▶ PROBLEM DESCRIPTION
Please set down only the lines below starting with the line with "Applied Information Security: A" and going on through the line with "Title: Doggy Time", verbatim and without pictures.

▶ SUPPLIED INFORMATION
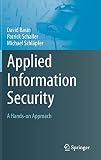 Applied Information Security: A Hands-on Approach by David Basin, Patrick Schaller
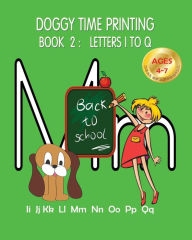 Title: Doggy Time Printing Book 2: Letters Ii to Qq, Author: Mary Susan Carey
* * *
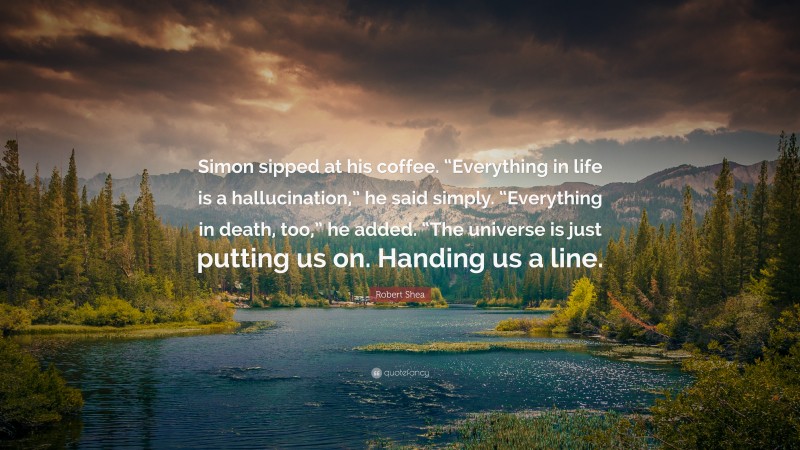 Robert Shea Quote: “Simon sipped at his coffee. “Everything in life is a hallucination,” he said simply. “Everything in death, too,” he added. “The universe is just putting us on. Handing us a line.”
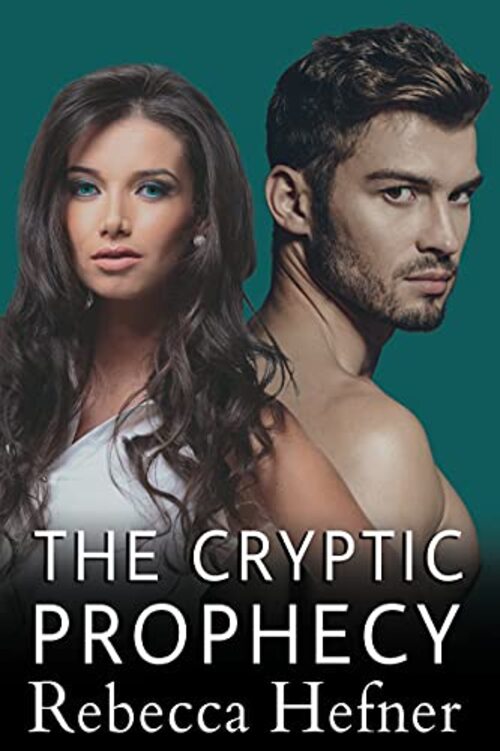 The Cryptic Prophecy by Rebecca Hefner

▶ WRITTEN RESPONSE
 Applied Information Security: A Hands-on Approach by David Basin, Patrick Schaller
 Title: Doggy Time Printing Book 2: Letters Ii to Qq, Author: Mary Susan Carey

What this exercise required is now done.